This claim arose out of the acquisition by a California LLC in May, 1999, and the subsequent sale in September, 2007, of a 6947 acre parcel of land with ranch style improvements located in San Benito County, California. The Class A Member and the manager was a wealthy real estate development group from St. Louis, Missouri.
The Class A Member held a 75% interest in the Ranch. There was also a group of eight (8) individuals who were Class B Members, and who together held a 25% passive interest in the Ranch. The Class B Members were the original investors in an entity, which had previously acquired an option to purchase the ranch. The Class B Members contributed their prior rights and interests in the land in consideration for the interest they acquired in the Ranch.
The goal of the project was to acquire the Property, to obtain permission from the county to alter the use of the land from farming to residential and mixed use, and to subdivide and develop the land for resale of lots or homes over a ten year period. The Class A Member was solely responsible for the implementation of the development plan and would provide all funding for the project.
In summary, the plan called for the Class A Member to provide a loan for the acquisition of the Property in the amount of $12,500,00, secured by a Trust Deed, and reflected in a promissory note, which would accrue interest at the rate of ‘prime plus 2%’ until repaid. The Class A Member would also take a “Loan Initiation Fee” of $1,000,000, which would be paid at the closing and be added to the loan principal.
In order to fund the development of the Property, the Class A Member would provide up to an additional $500,000 under the mortgage loan, or $14,000,000 total, and would provide additional funds, as needed, in the form of capital loans (with interest also accruing at prime plus 2%) or with capital contributions.
In the following four years, the Class A Member hired consultants, performed studies and generally made efforts to obtain approval from the county to alter the zoning and permitted use of the land. This culminated in the submission of an application to the County in July, 2002, which came on for hearing several months later. The application was unanimously rejected by the county commission.
In the following four (4) years there was no apparent activity on the project. However, it appears that efforts were being made to market the land for resale, without the specific knowledge or consent of the Class B Members. Those efforts culminated in a written notice to the Class B Members in November, 2007, that a sale of the property had taken place in September, 2007. The Class B Members were never previously consulted about the sale, provided information about the proposed terms, nor did they give any consent or approval of the sale.

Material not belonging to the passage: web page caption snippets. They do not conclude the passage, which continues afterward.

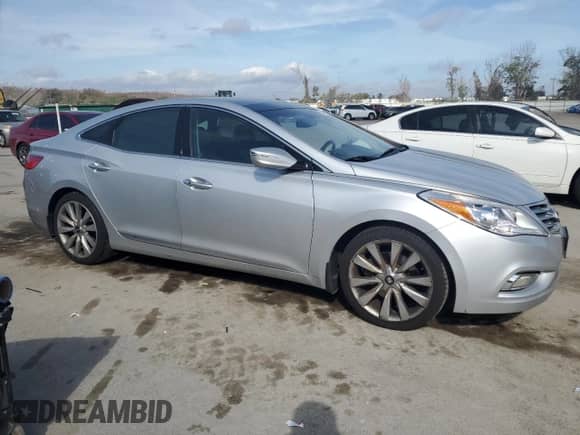 2014 Hyundai Azera Limited с VIN KMHFH4JG0EA353390, выставлен на аукционе Copart как лот 42502275 с пробегом 105 868 миль миль и Списание • Salvage title. История ставок и продаж доступна на DreamBid. Изображение 4.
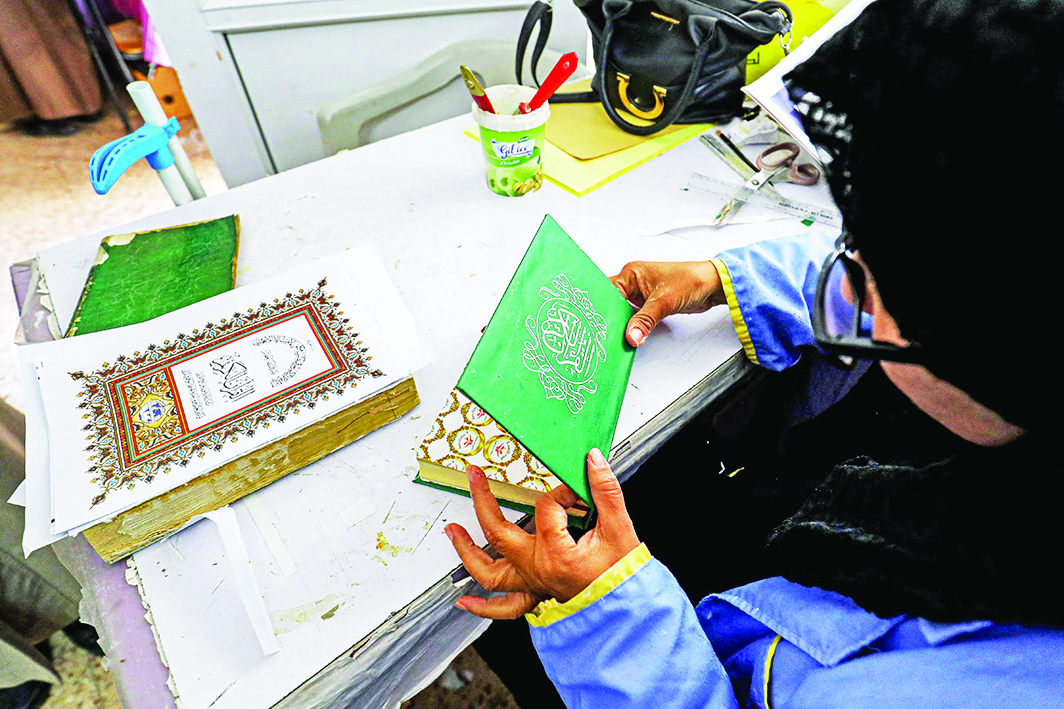 A woman binds with glue a hardcover for a volume of the Holy Quran.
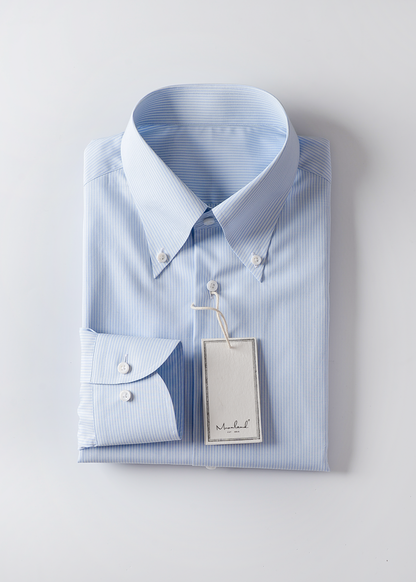 Folded light blue striped dress shirt with a tag on a light gray background #color_baby-blue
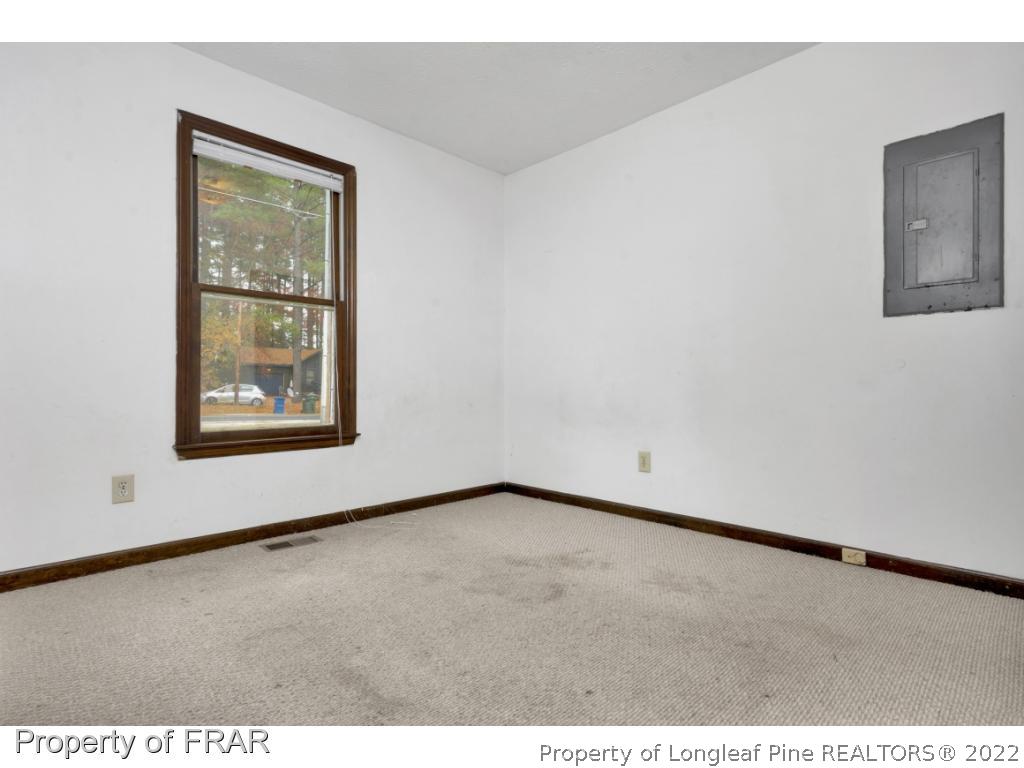 1758 Rim Road Fayetteville, NC 28314 - Photo 16 of 25 a view of an empty room with a window
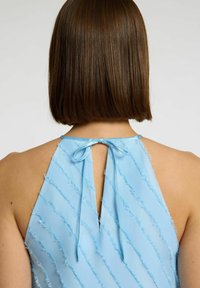 Abito senza maniche blu chiaro con strisce diagonali sfrangiate, caratterizzato da un'apertura a occhiello sul retro legata con un nastro. Tessuto liscio.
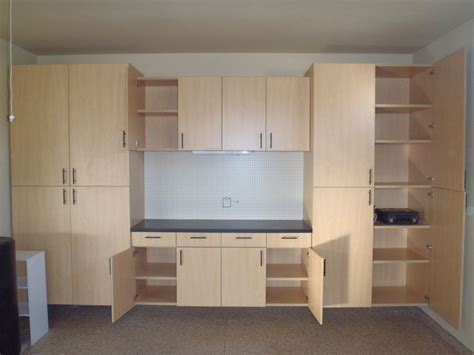 Regardless of the size or configuration of your garage (sloping ceiling or floors, pillars, windows), our designers can help you design garage storage systems and organization solutions that work. Premium cabinet in dark ash. | Custom cabinets, Garage ...
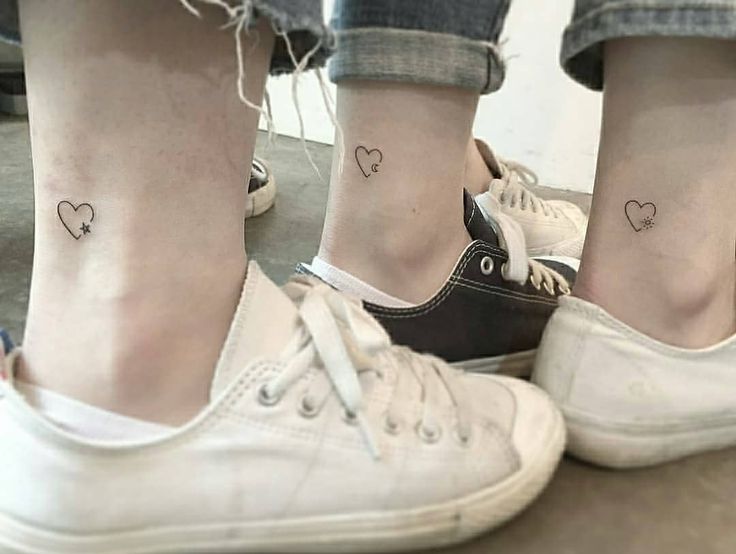 Matching three best friends small heart tattoos on the ankles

According to the ‘Memorandum of Sale’ provided to the Class B Members, at time of sale there was an outstanding Mortgage Loan Balance owed to THF Investors of $27,364,369 and a Capital Loan Balance of $5,031,637, bringing total indebtedness to $32,396,006.
The Class B Members were further informed by the Class A Member that, after payment of additional outstanding indebtedness, accrued interest, unpaid development fees, operating expenses, and minimum tax distributions, a sum estimated to total $52,000.00 would be the only funds available to distribute to the Class B Members, payable in five years when the seller’s note came due.
Following receipt of the Memorandum of Sale, certain Class B Members requested that the Class A Member provide additional documentation to substantiate the sums claimed, and THF Investors did eventually provide financial and other documents pertaining to the Property. These included annual financial statements, income/expense statements, loan interest calculations, and spreadsheets showing disposition of funds at time of sale.
The Law Offices of Keith L. Miller hired local counsel in San Jose, CA, and made a demand upon the Class A Member. Letters were exchanged and the parties agreed to mediate the dispute. The mediation took place in San Jose over the course of a day in April, 2009. The Class A Member agreed to pay the Class B Members the total amount of $2.85 Million Dollars to settle all claims in the dispute.